Menos mal que no me toca tanto tener que andar en este clima. Uso las aceras que, claro, debo tomar con extremo cuidado. Siempre temo resbalar. Cuando está todo lleno de nieve, trato de avistar esas huellas sobre su brillo para olvidar que ando en un lugar que no es el que prefiero, para dejar de lado que hay cosas de las cuales no se pueden escapar; como que el sol no me quema igual que estando en el Caribe, por supuesto, no es para menos; como cuando quisiera comerme una malanga con bacalao de mami; o como cuando le quiero huir a la soledad. No que la vea como algo negativo, al contrario, la valoro, crezco en ella, me obliga a autoevaluarme, a mirar constantemente el pasado. A los por qués, a las cosas que pudieron haber sido distintas, a las que no, a las que agradezco y a las que aún miro con harto coraje y que desembocan en tristezas. No obstante, crezco y sigo el camino. No dejo el pasado estancarme en ojalás por haberme sentido desprovista de instantes que imaginaba yo los palpitaría alguna vez.

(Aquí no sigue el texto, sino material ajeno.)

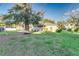 Backyard featuring a house, shed, lush grass, and mature trees at 1495 Davis Ave, Bartow, FL 33830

Entre los miles de “no se sabrá que hubiese sucedido” que habitan en nuestras mentes, nos queda aceptar que es el cursar del vivir un serpentear que nos tutela.
Si los cómos se mutaran por expresiones de gratitud ya,
muy a pesar de habernos quedado sin los espejismos y construcciones de esos ojalás,
que se nutrían de una especie de espirales, como aquellas de las dudas sin respuestas.
Si mutaran esos cómos ya, al menos no rabiarían en el alma y el suspirar frecuentado de las tardes se reduciría para no molestar;
para que no me afecte o, al menos, para que no fuese tanto.